WHAT WE ARE.
We seek to understand and enhance the role that design and designers play in social change.
WHO WE ARE.
We want to research genuinely inclusive social change together.
CO-RESEARCHING SPACE
O-lab is located at the Singapore University of Technology and Design, Room 2.415. We invite all students, researchers and practitioners to make use of our facilities, including:
- Hosting project meetings with team mates and project partners over coffee in Kopi-O.
- Using one of our flexi desks to get some quiet work done in O-Focus.
- Prototyping and testing ideas with our library of materials and tools in O-Make.
- Presenting and generating ideas together on the whiteboard walls in O-Talk.

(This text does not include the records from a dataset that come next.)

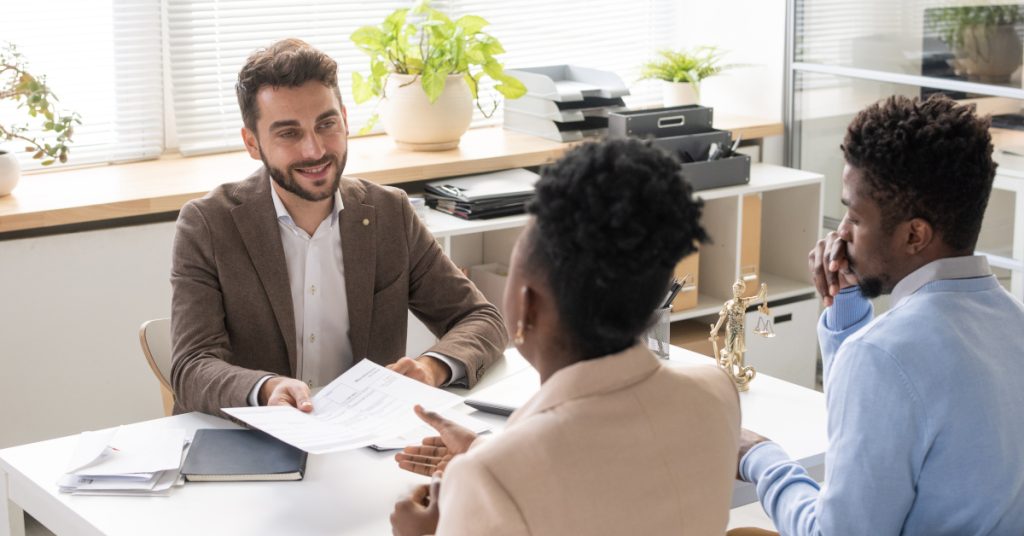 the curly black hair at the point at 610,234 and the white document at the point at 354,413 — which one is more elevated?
the curly black hair at the point at 610,234

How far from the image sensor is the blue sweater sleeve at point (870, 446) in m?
1.51

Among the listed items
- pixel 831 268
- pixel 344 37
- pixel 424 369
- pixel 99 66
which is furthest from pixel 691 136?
pixel 831 268

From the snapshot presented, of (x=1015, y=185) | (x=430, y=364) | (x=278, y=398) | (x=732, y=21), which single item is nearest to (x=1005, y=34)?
(x=1015, y=185)

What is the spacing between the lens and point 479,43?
381 centimetres

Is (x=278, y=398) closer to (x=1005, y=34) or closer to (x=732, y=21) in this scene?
(x=1005, y=34)

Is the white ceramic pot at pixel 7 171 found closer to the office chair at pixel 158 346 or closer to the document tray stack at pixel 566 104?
the office chair at pixel 158 346

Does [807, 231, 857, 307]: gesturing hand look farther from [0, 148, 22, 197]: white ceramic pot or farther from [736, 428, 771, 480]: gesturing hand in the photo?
[0, 148, 22, 197]: white ceramic pot

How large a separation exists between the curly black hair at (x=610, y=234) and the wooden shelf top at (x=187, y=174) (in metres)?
2.20

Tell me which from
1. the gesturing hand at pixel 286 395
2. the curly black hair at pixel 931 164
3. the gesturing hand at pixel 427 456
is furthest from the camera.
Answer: the gesturing hand at pixel 286 395

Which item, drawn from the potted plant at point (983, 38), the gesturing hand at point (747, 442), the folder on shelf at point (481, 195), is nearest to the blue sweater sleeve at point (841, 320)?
the gesturing hand at point (747, 442)

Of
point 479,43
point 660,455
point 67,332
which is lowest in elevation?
point 67,332

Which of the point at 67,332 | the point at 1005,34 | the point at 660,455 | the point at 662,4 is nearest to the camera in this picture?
the point at 660,455

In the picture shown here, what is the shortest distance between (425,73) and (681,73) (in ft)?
3.54

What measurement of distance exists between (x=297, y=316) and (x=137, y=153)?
1545 millimetres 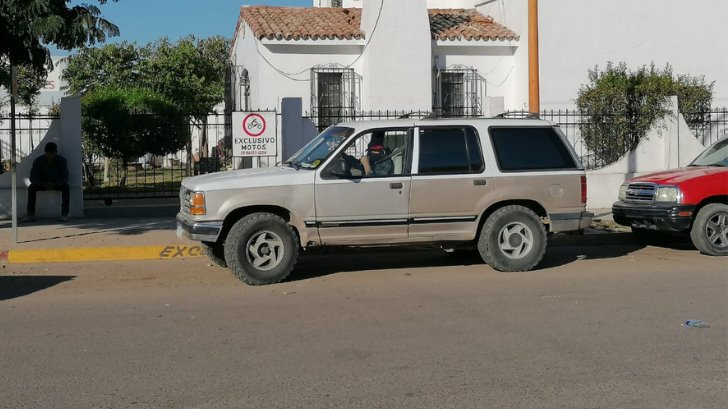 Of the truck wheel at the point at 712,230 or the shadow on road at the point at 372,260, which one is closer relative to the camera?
the shadow on road at the point at 372,260

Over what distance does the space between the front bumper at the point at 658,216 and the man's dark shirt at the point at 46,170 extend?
31.3 feet

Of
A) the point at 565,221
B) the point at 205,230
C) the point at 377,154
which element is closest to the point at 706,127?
the point at 565,221

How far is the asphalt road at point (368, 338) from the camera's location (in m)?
5.61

- Borrowing equipment to conduct field research from O-Store.
RESEARCH COMMONS
The O-Lab research commons provides support for academics, students and professionals to practice, study and enhance genuinely inclusive approaches to design. To support people to contribute to the commons we are developing different ways to explore creative freedoms in their own lives. Currently these include webapps, design workshops, interactive installations and training courses. We are keen to develop different media to build the knowledge of the commons and welcome opportunities for collaborations which make it accessible to new users, different contexts and unique experiences of social change.
WHAT WE BELIEVE.
people are good
We make sense of the world around us by asking questions which either confirm or change our understanding of the world. The questions we ask are informed by our values and we perceive ourselves to be ‘good’ if the response to our questions confirm what we already know. The questions we ask during moments of change can therefore help to reveal our unique interests and concerns
change is inevitable
Considering the number of opportunities for questioning that we encounter throughout our lives there are many moments where the response to our questions do not align with our existing values. Inevitably in these cases we change our perceptions of the world and the way we interact with it. These moments of great creative opportunity require everyone we interact with to have access to an equal range of creative freedoms
connections evolve
The web of questions we encounter during different moments of social change evolve into patterns of interactions which either support or restrict creative freedom. If we can identify these patterns of creative exchange – and understand how they work – we can begin to work towards increasing each other’s creative competence, control, and initiative, limited only by each other’s claims to an equal range of creative freedom.